Недавно посмотрел презентацию Екатеринбурга-Сити — все эти оранжевые небоскребы и т. д. Мне очень понравилось: необычная, креативная штука. И если там, рядышком, будет такой храм, то как это будет выглядеть? Я не думаю, что РПЦ — противник инноваций в архитектуре. Я был бы только за, если бы у нас был красивый храм, который можно было показывать гостям города. Храмовые комплексы во всех странах притягивают огромную массу туристов.
— Хотел спросить про [одного из инициаторов строительства храма] Игоря Алтушкина, которого стало очевидно много в свердловской повестке.
— Он пассионарий, реализует свою пассионарность так, как ему видится. Мне симпатичны люди, которые пытаются сделать что-то. Екатеринбург — город крутой и серьезный, и в ответ Алтушкин получает встречное направление пассионарной активности, которое не состыкуется с его волей, амбицией. Это как двигатель. Он встречает отпор и либо закаляется в этом протесте, либо перегорает.
— Какая обстановка в муниципалитетах Свердловской области? Из новостей нашего агентства следует, что там постоянные конфликты.
— У нас тяжелый регион, города живут тяжело. Конфликты вызваны несколькими факторами. Во-первых, ситуация с реформой самой системы управления области привела к тому, что все за пределами администрации губернатора были дезориентированы, на муниципалитеты внимания никто не обращал, никто ничего не понимал и территории начали жить, как кому хочется, представляется.
Пассионарий Игорь Алтушкин публично столкнулся с пассионарным Екатеринбургом: закалится или уйдет?
Во-вторых, сильно сократилась ресурсная база. В-третьих, назначаемые новые власти утратили связь с людьми. И возникают конфликты, которые только кажутся точечными. За попыткой [бывшего главы Серова Владимира] Анисимова вернуть себе власть смотрели все муниципалитеты и выжидали, где предел прочности системы. Во всех городах есть силы, которые хотят воспользоваться безвременьем.
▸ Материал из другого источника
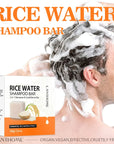 Rice Water Shampoo & Conditioner, 2 in 1  100g / 3.4 oz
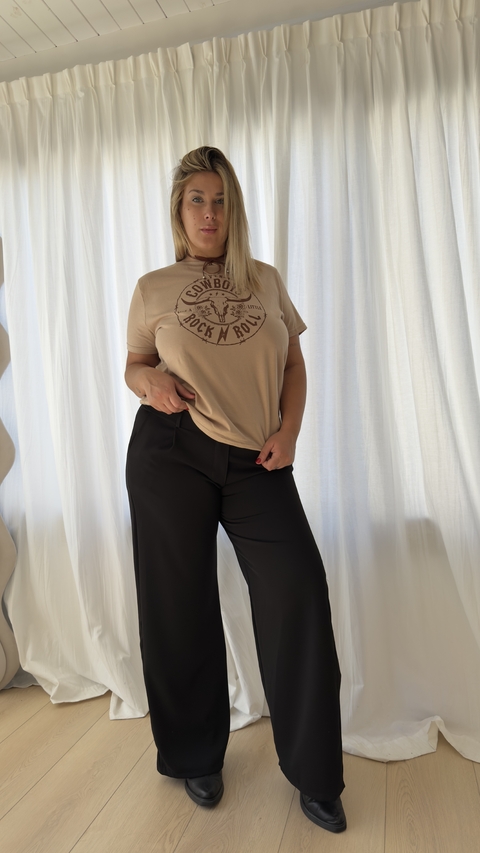 Remera BOWI - comprar online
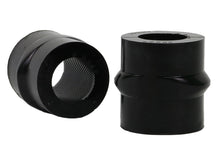 Carregar imagem no visualizador da galeria, Whiteline Plus 3/08+ Dodge Challenger / 11/05+ Charger Front 30mm Sway Bar Mount
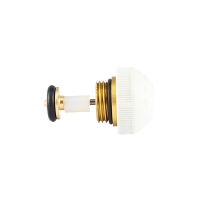 Upper thermostatic insert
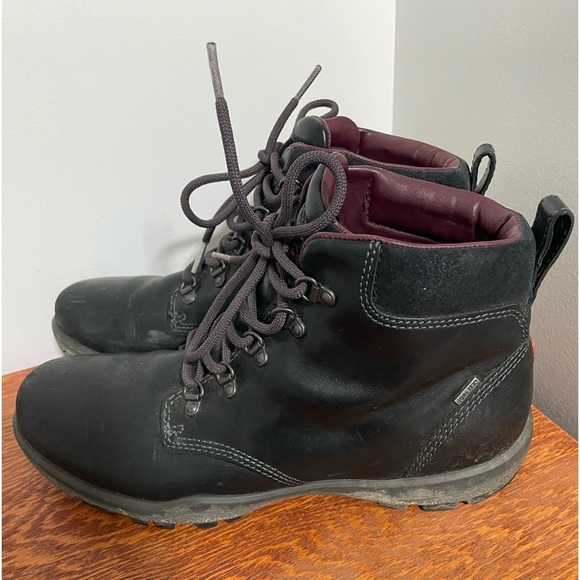 Ecco Gore-Tex winter boots - Picture 2 of 7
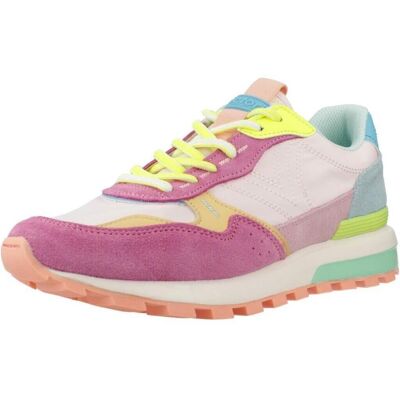 Victoria Luna Nylon Flerfärgade Sneakers - Sneakers Victoria Luna Nylon Flerfärgade Sneakers - Sneakers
— Безвременье ли это? Мне кажется, я всё это наблюдаю с 2009 года.
— Хорошо, это новое время. Если раньше на выборах каждая из сторон понимала, что может потерять все деньги, кандидат проиграет и никого в этом не винила, то сейчас все риски возлагаются на администрацию губернатора, которая в ручном режиме должна выбирать между «вот этим» и «вот тем». А этот выбор происходит не всегда, и местные игроки знают: пока администрация не приняла решение, можно играть самим. И начинается черт-те что.
— Какие риски для Свердловской области несут президентские выборы?
— Никаких. У нас на выборах в 2012 году была самая низкая явка. И ничего. Главное — пережить эти выборы.
— Выборы в Думу Екатеринбурга более важны?
— Они интереснее. Как был устроен процесс раньше: мэрия никогда никому не отказывала. Приходили кандидаты и всем кивали. Выиграл человек или нет, это не важно. Выигравший в любом случае будет благодарен. Сейчас, если есть симбиоз двух политических лагерей, то должен быть консолидированный список кандидатов. Мы же всех кандидатов консолидируем вокруг «Единой России», соответственно, этот список должен включать кандидатов и выиграть должна «Единая Россия». Будет ли так — большой вопрос.
Тунгусову важно сохранить управляемость Думы.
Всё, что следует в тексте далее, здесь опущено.